What is expected ->
With the exception of the pictures, write out the data below precisely.

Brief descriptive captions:
========
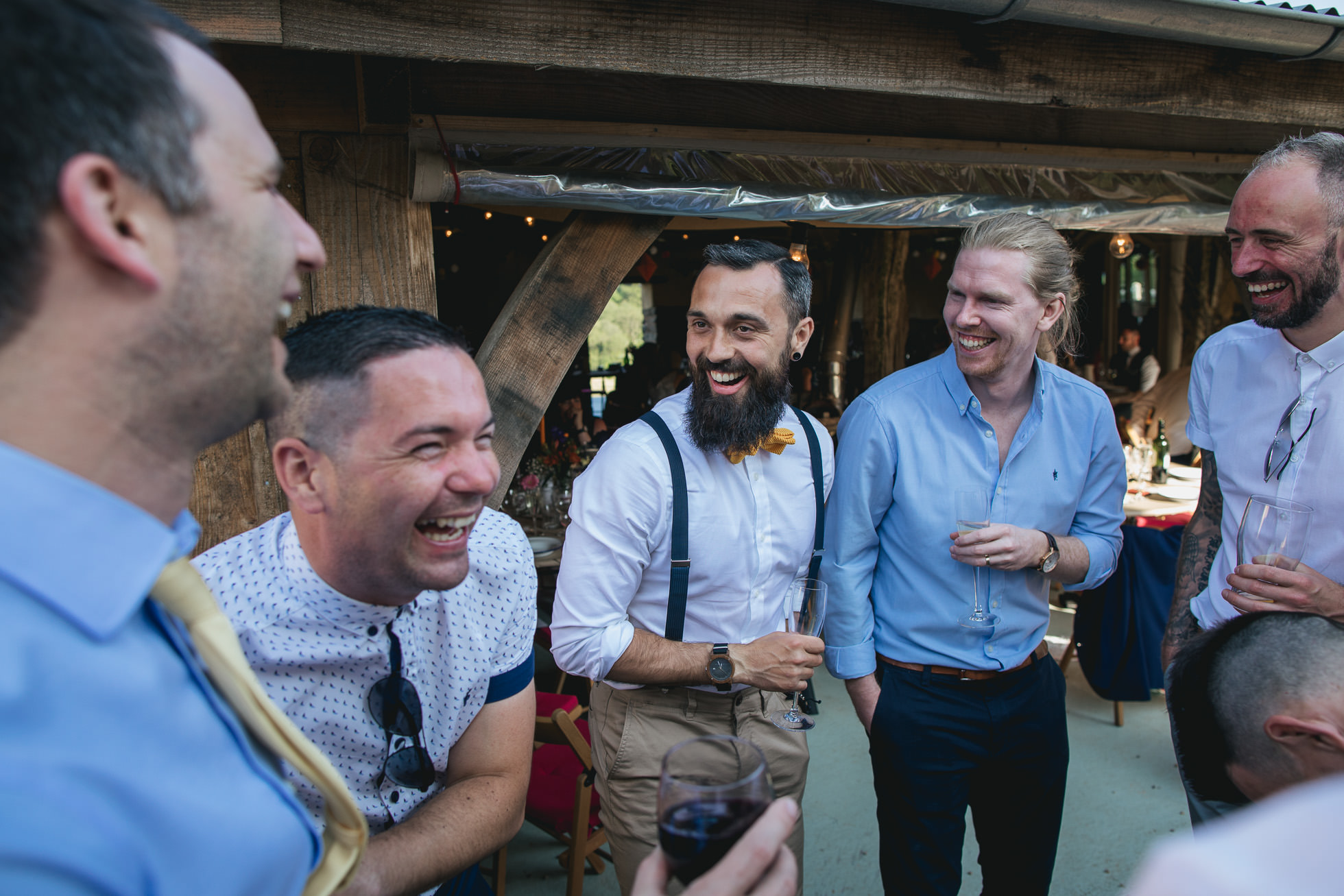 Groom laughing with friends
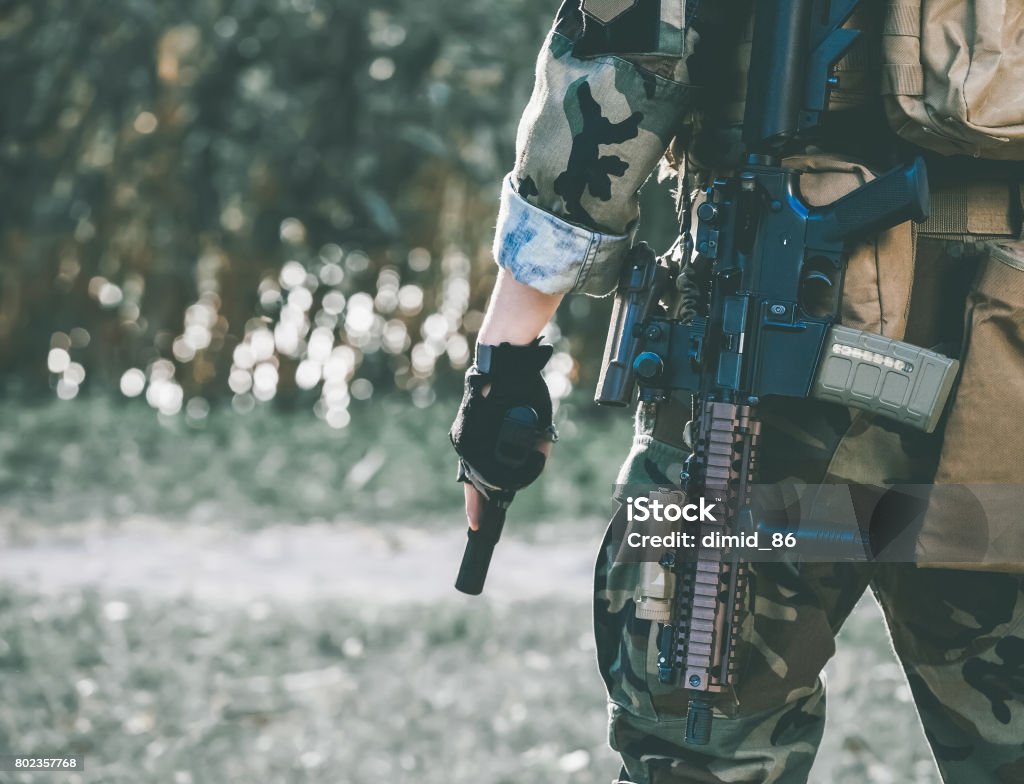 The soldier in the performance of tasks in camouflage and protective gloves holding a gun. The soldier in the performance of tasks in camouflage and protective gloves holding a gun. War Zone. Airsoft - Sport Stock Photo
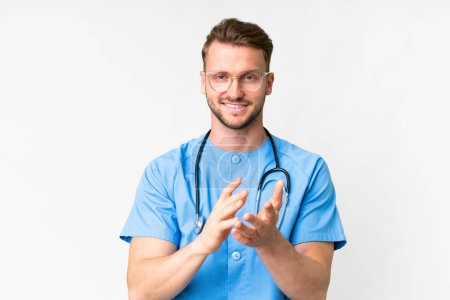 Photo for Young nurse man over isolated white background applauding after presentation in a conference - Royalty Free Image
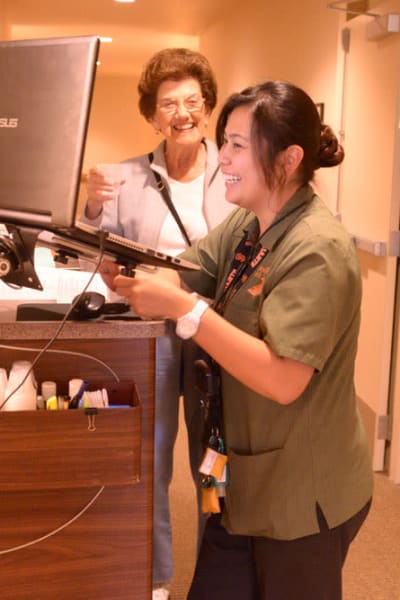 Resident talking to a nurse about medication at a computer at Quail Park of Lynnwood in Lynnwood, Washington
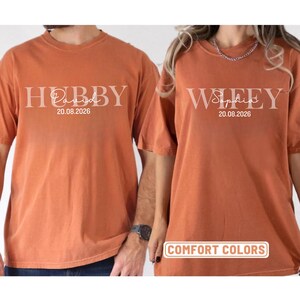 May include: Two burnt orange t-shirts with the words "Hubby" and "Wifey" printed in white, along with names and a date. The shirts are labeled "Comfort Colors".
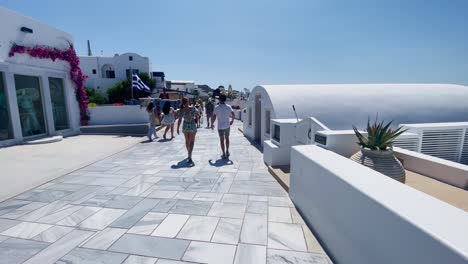 Gente-Caminando-En-La-Acera-Blanca-|-Oia-Santorini-Grecia-Isla-Griega-En-El-Mar-Egeo,-Viajes-Turísticos-Vacaciones-Inmersivas-Caminatas-En-Movimiento-Junto-A-Multitudes-De-Compras-En-Acantilados-De-Mármol-Blanco-Y-Ciudad,-Europa,-4k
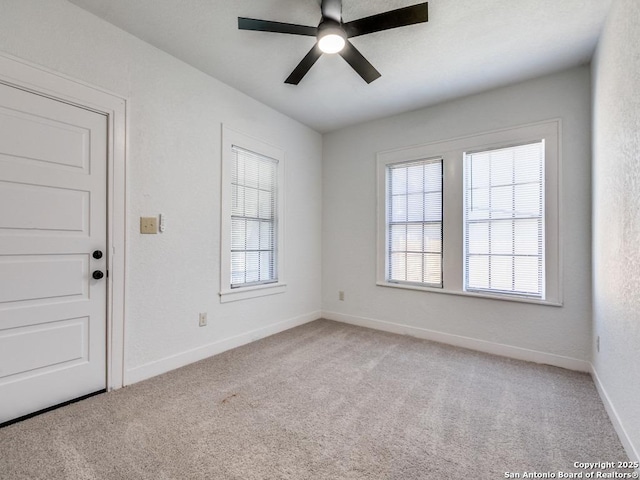 empty room featuring light carpet and ceiling fan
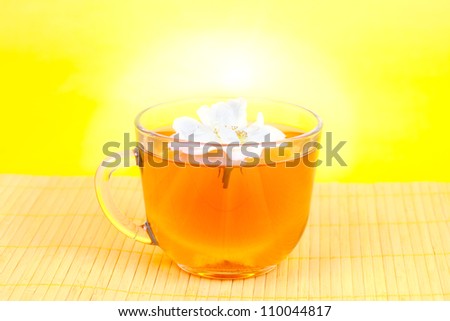 Hot tea with a jasmine flower a yellow background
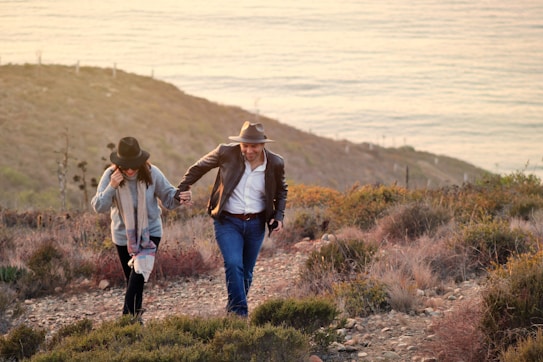 A couple is walking hand in hand on a hilly path surrounded by dry shrubs and grass, with an ocean view in the background. Both are wearing hats and casual outfits suitable for an outdoor adventure.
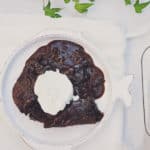 photo of chocolate pudding cake with fresh whipped cream on a white plate on a white cloth. Green vines are in the background and the shot is from above.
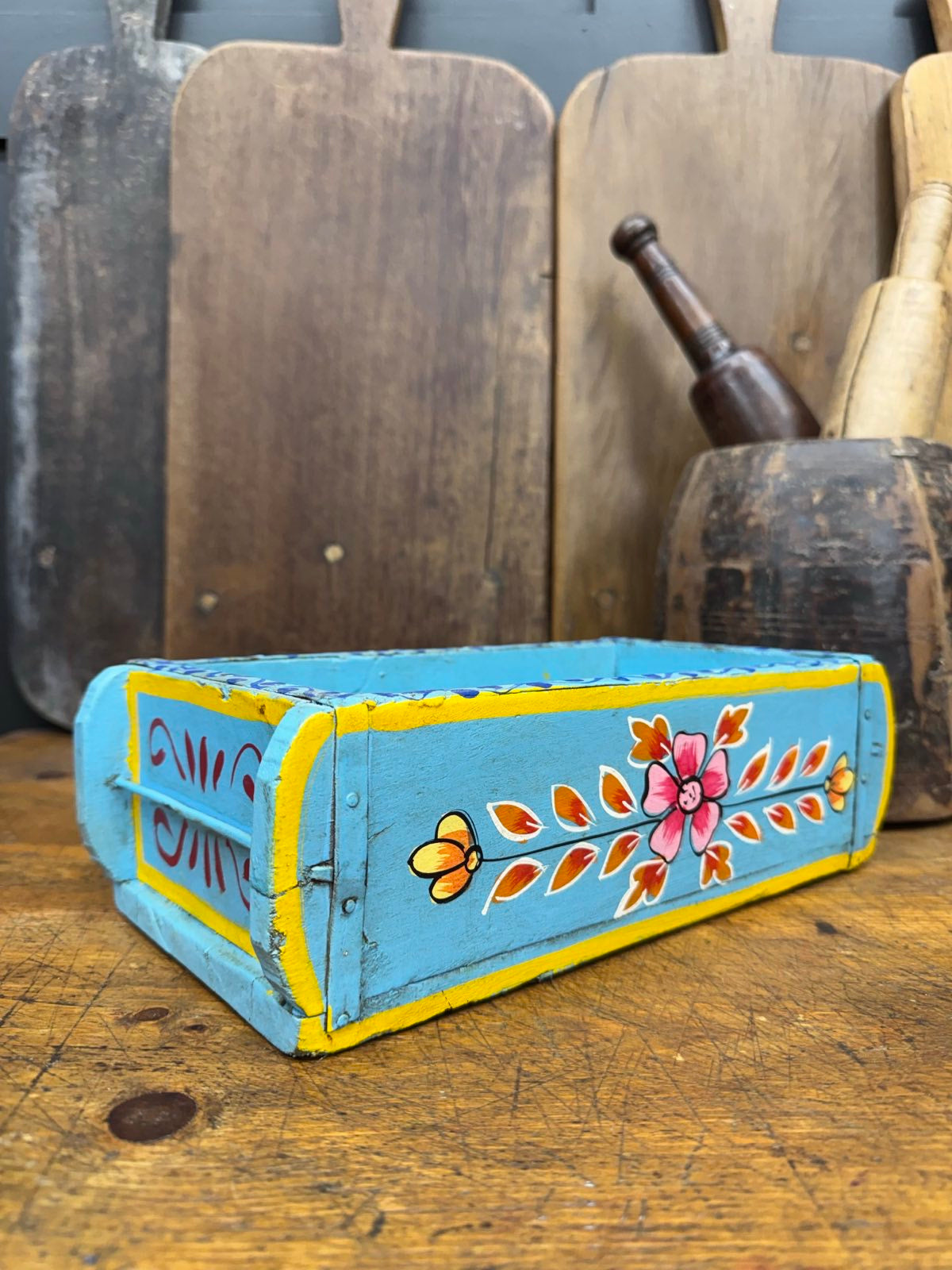 Hand-painted blue wooden brick mould with turquoise exterior yellow trim and colorful floral motifs for herbs or storage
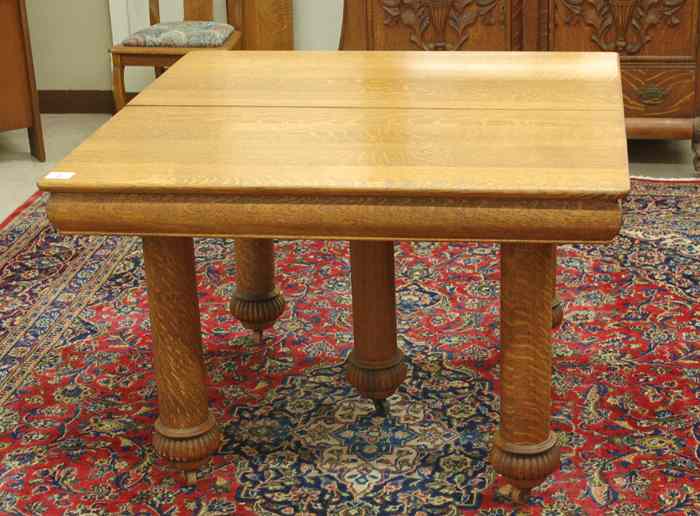 Appraisal: SQUARE OAK DINING TABLE WITH THREE LEAVES American c the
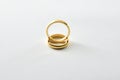 Engagement gold ring standing on each other isolated white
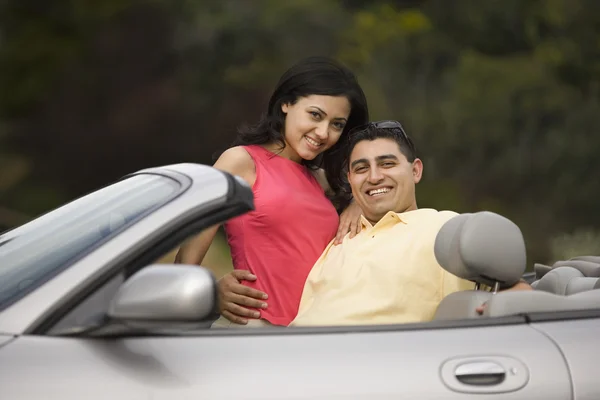 Hispanic couple hugging in convertible car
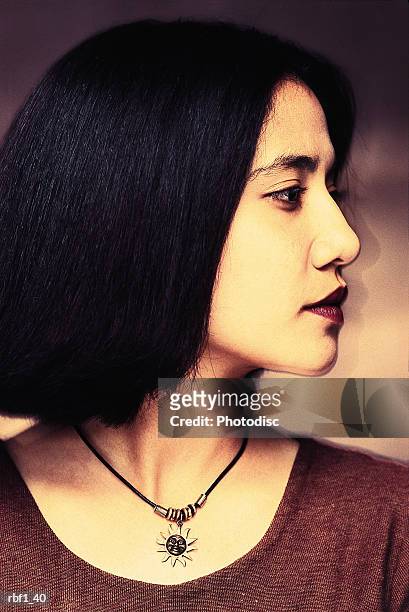 happy female woman with shorter straight dark hair and red lipstick wearing a maroon dress and necklace looks to her left revealing her stunning profile - maroon hair stock pictures, royalty-free photos & images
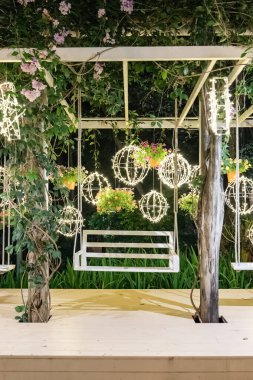 A white garden pavilion glows with hanging lights shaped like spheres and stars, while flowers and vines decorate the structure in the quiet night garden.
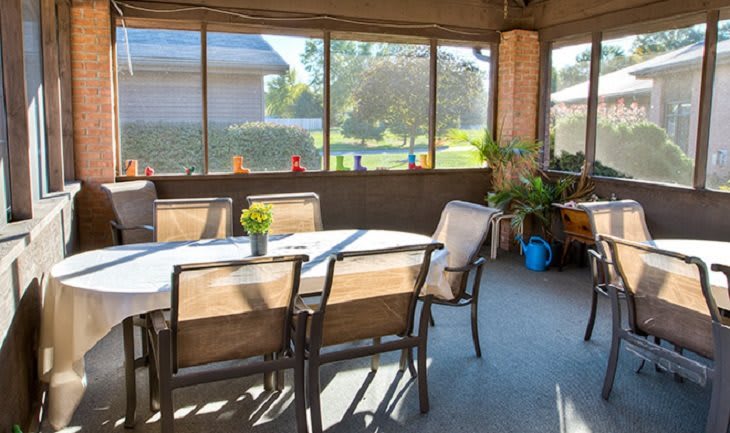 A sunny screened porch with a dining table and chairs, decorated with plants.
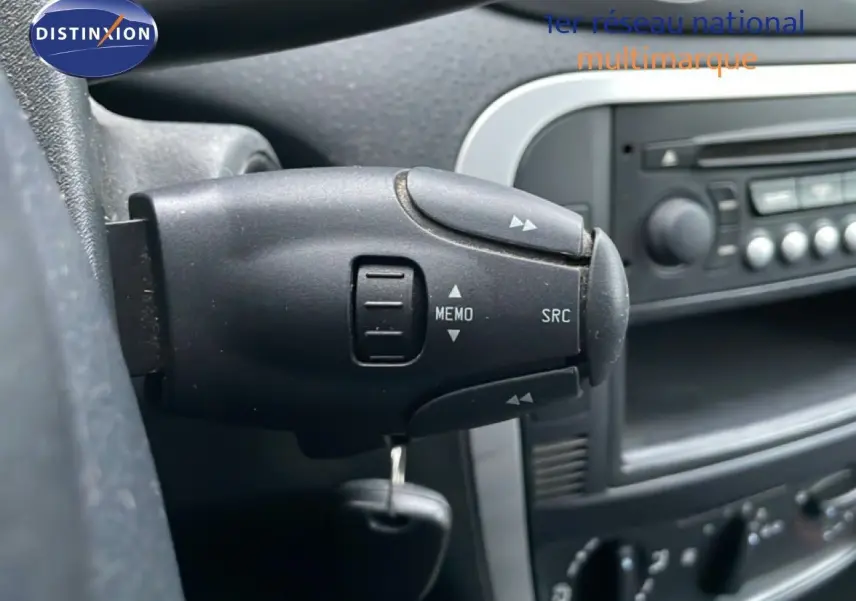 Gros plan sur la commande au volant côté gauche d’une Citroën C3 Pluriel ivoire, tableau de bord en arrière-plan.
========
Problem solution ->
 Groom laughing with friends
 The soldier in the performance of tasks in camouflage and protective gloves holding a gun. The soldier in the performance of tasks in camouflage and protective gloves holding a gun. War Zone. Airsoft - Sport Stock Photo
 Photo for Young nurse man over isolated white background applauding after presentation in a conference - Royalty Free Image
 Resident talking to a nurse about medication at a computer at Quail Park of Lynnwood in Lynnwood, Washington
 May include: Two burnt orange t-shirts with the words "Hubby" and "Wifey" printed in white, along with names and a date. The shirts are labeled "Comfort Colors".
 Gente-Caminando-En-La-Acera-Blanca-|-Oia-Santorini-Grecia-Isla-Griega-En-El-Mar-Egeo,-Viajes-Turísticos-Vacaciones-Inmersivas-Caminatas-En-Movimiento-Junto-A-Multitudes-De-Compras-En-Acantilados-De-Mármol-Blanco-Y-Ciudad,-Europa,-4k
 empty room featuring light carpet and ceiling fan
 Hot tea with a jasmine flower a yellow background
 A couple is walking hand in hand on a hilly path surrounded by dry shrubs and grass, with an ocean view in the background. Both are wearing hats and casual outfits suitable for an outdoor adventure.
 photo of chocolate pudding cake with fresh whipped cream on a white plate on a white cloth. Green vines are in the background and the shot is from above.
 Hand-painted blue wooden brick mould with turquoise exterior yellow trim and colorful floral motifs for herbs or storage
 Appraisal: SQUARE OAK DINING TABLE WITH THREE LEAVES American c the
 Engagement gold ring standing on each other isolated white
 Hispanic couple hugging in convertible car
 happy female woman with shorter straight dark hair and red lipstick wearing a maroon dress and necklace looks to her left revealing her stunning profile - maroon hair stock pictures, royalty-free photos & images
 A white garden pavilion glows with hanging lights shaped like spheres and stars, while flowers and vines decorate the structure in the quiet night garden.
 A sunny screened porch with a dining table and chairs, decorated with plants.
 Gros plan sur la commande au volant côté gauche d’une Citroën C3 Pluriel ivoire, tableau de bord en arrière-plan.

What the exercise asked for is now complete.